**PROBLEM STATEMENT**
Copy out the entries that follow exactly, leaving out the pictures.

**DATA**
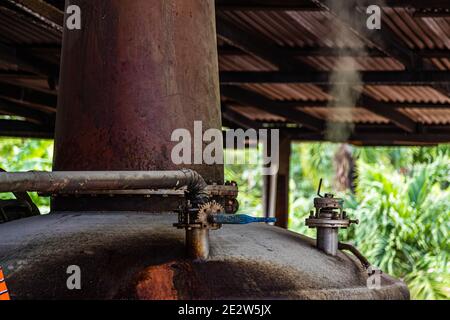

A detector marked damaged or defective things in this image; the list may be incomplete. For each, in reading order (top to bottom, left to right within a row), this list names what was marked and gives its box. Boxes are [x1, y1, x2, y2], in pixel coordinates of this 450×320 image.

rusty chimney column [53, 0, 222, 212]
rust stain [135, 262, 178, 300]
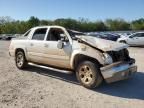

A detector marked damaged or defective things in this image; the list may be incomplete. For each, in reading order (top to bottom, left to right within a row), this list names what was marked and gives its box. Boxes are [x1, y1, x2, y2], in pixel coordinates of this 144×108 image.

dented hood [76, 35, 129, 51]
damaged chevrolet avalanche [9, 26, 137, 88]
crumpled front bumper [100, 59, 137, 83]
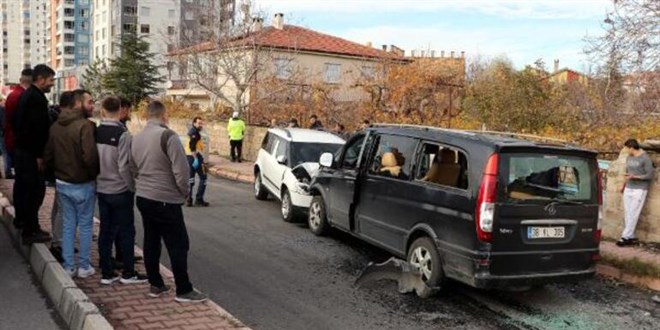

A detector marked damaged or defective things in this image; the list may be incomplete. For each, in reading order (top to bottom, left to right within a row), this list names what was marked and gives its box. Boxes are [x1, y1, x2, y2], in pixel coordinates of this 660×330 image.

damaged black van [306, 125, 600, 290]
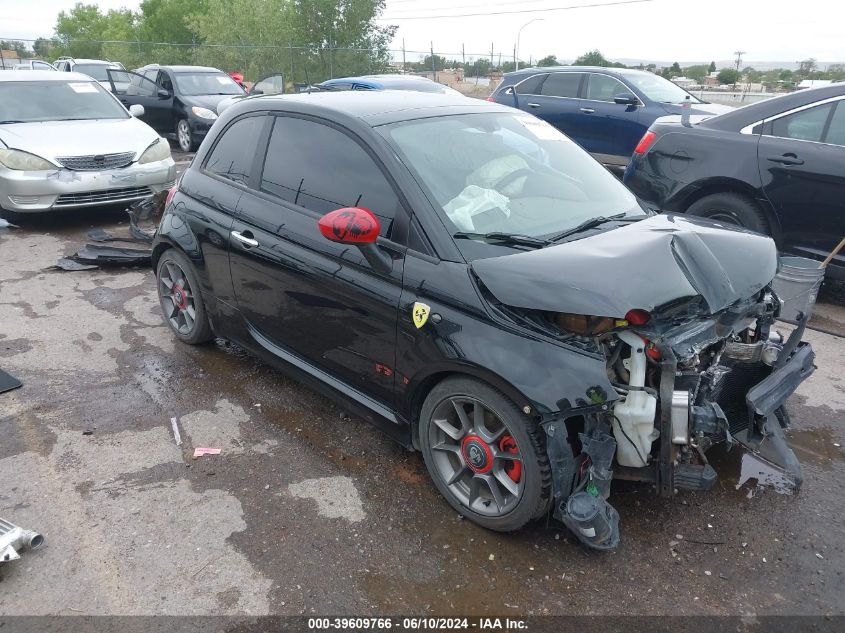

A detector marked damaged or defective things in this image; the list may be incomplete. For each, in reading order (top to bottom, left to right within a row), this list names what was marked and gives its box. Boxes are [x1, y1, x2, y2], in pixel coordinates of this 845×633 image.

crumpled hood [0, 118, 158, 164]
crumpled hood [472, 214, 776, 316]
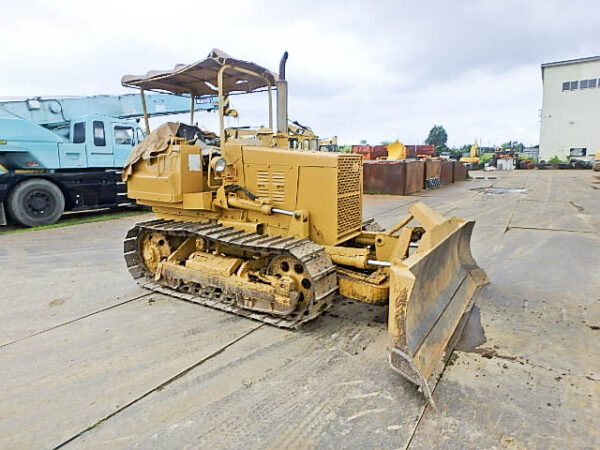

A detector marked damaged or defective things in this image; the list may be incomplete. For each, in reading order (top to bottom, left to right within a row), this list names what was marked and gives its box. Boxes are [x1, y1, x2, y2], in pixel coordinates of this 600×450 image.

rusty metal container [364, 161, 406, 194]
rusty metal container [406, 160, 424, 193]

**RESULT OF THIS TASK**
A detector marked damaged or defective things in this image; the list may be incomplete. For each, in reading order (top to bottom, left to right within a row), this list names what was marked and gives its box. Boxes are [x1, y1, x2, y2], in pixel coordinates of this 450×320 image.

rusty chimney column [53, 0, 222, 212]
rust stain [135, 262, 178, 300]

A detector marked damaged or defective things in this image; the list may be incomplete. For each, in reading order (top to bottom, left to right within a row), this list names what was marked and gives its box. Boxes are [x1, y1, x2, y2], in pixel coordinates of this 144×108 image.

dented hood [76, 35, 129, 51]
damaged chevrolet avalanche [9, 26, 137, 88]
crumpled front bumper [100, 59, 137, 83]

A detector marked damaged or defective things in this image; the list may be incomplete. For each, in reading order (top to bottom, left to right within a row), this list names what was marked and gives its box. Boxes are [x1, y1, x2, y2], in pixel coordinates of this 660×330 image.

damaged black van [306, 125, 600, 290]

A detector marked damaged or defective things in this image; the list may be incomplete. For each, in reading order (top to bottom, left to right within a row), this list names what was marked and gives its box. Boxes are [x1, y1, x2, y2], in pixel coordinates of this 845×633 image.

crumpled hood [0, 118, 158, 164]
crumpled hood [472, 214, 776, 316]

A detector marked damaged or defective things in this image; the list may be incomplete. For each, in reading order (top to bottom, left to right within a row), this list names what was marked and gives its box. Boxes are [x1, y1, x2, y2], in pixel coordinates of this 600×450 image.

rusty metal container [364, 161, 406, 194]
rusty metal container [406, 160, 424, 193]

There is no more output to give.